Most emerging Asian currencies fell on Monday, with the Thai baht hitting a five-month low, as hedge funds reduced their exposure to riskier asskets after mass euro zone sovereign rating cuts by Standard & Poor's. Still, traders reported some investors continued to buy regional units on hopes for more inflows to Asia in search if higher yields. Markets are also concerned the euro zone's bailout fund, EFSF, might lose its AAA rating with S&P as well.
Dollar/baht rose to as high as 31.99, the highest since August 16, as local and foreign players bought the pair, while its upside was limited by Japanese players, dealers said. The dollar/baht's 14-day relative strength index (RSI) rose to 66.4, close to the 70 threshold, indicating the pair is approaching to overbought territory.
Offshore funds bought dollar/won, although its gains were capped by dollar supplies linked to foreign investors' purchases of Hyundai Heavy Industries' shares. Exporters also sold the pair for settlements. Last week, South Korean KCC sold 697.2 billion won ($607.21 million) worth of shares in Hyundai .

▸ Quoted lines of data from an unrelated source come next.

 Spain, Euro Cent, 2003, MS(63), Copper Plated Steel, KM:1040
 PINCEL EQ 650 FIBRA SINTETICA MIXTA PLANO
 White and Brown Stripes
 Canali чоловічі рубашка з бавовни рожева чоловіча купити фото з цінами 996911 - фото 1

Foreigners bought 604.5 billion won of shares on Friday alone, stock exchange data showed, just slightly below the 669 billion won they bought this year through Thursday. Traders said this data suggests that foreigners bought most of Hyundai's shares.

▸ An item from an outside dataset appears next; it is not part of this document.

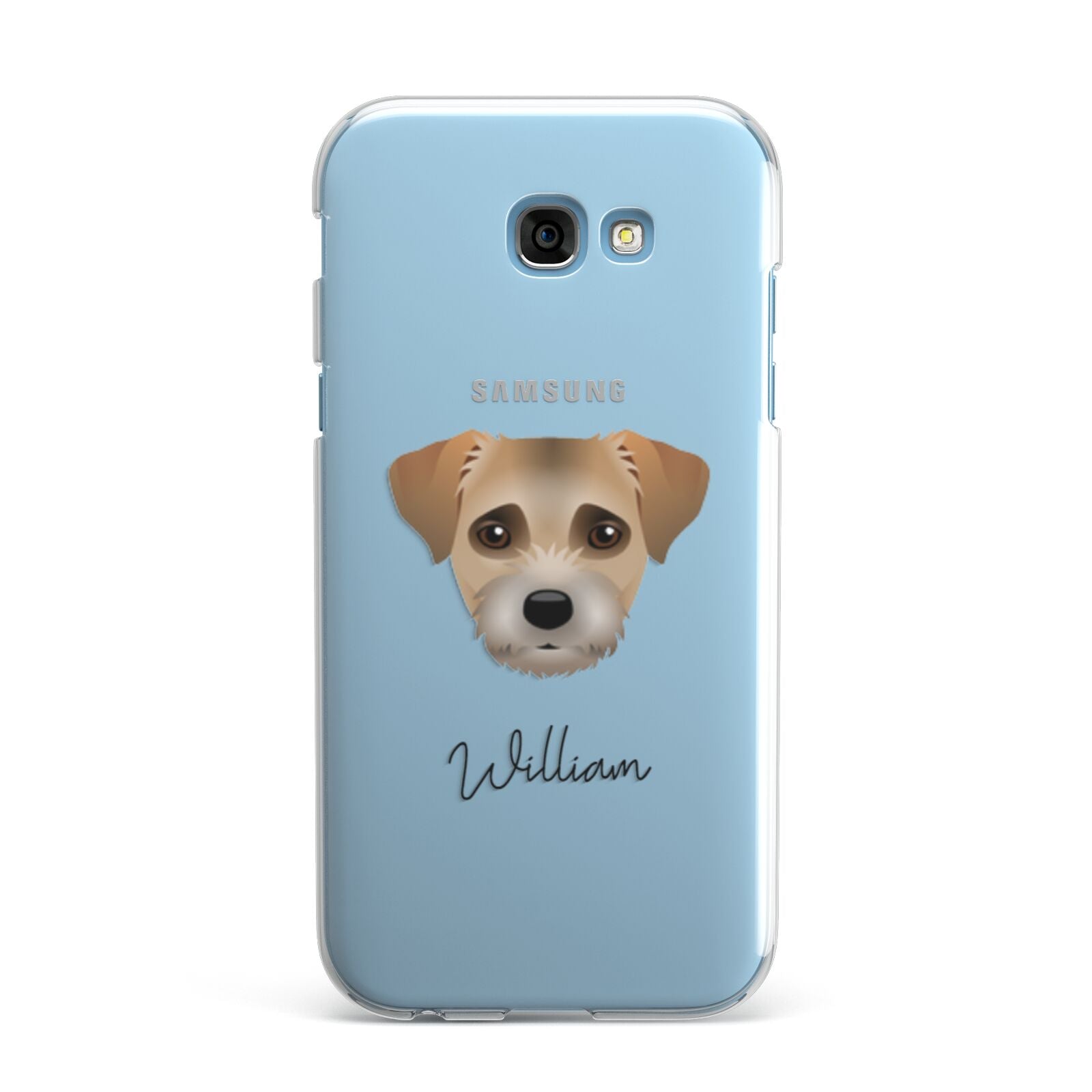 Border Terrier Personalised Samsung Galaxy A7 2017 Case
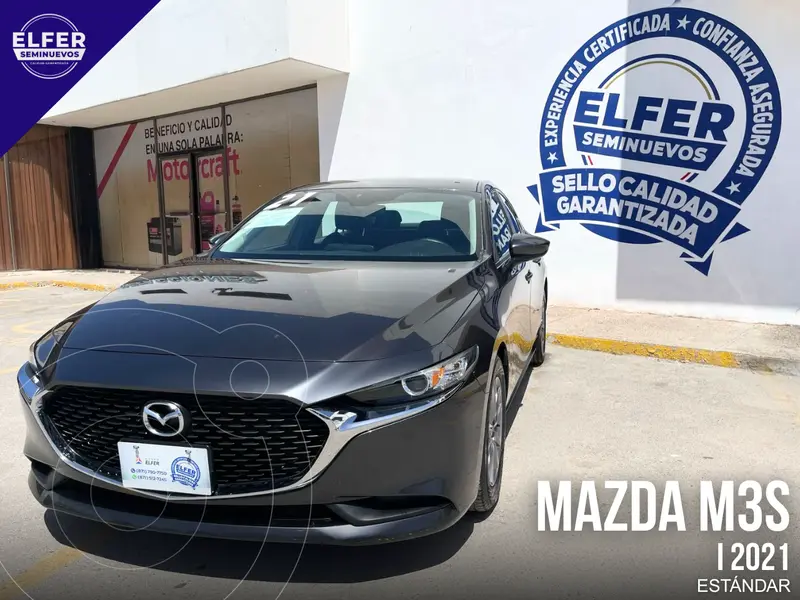 Foto Mazda 3 Sedan i usado (2021) color Gris Metalico precio $270,000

Dollar/Philippine peso rose as investors covered short-positions. Some players expected further gains in the pair, seeing market as still short. European bank dealer in Manila, adding the pair has room to rise to 44.20 and 44.40.
Dollar/rupiah rose but some investors were looking to sell the pair on rallies, saying dollar liquidity in the onshore market has been improving. The central bank's chief also said it would continue to intervene in the currency market to guard the rupiah, which is the worst-performing emerging Asian currency so far this year, according to Thomson Reuters' data.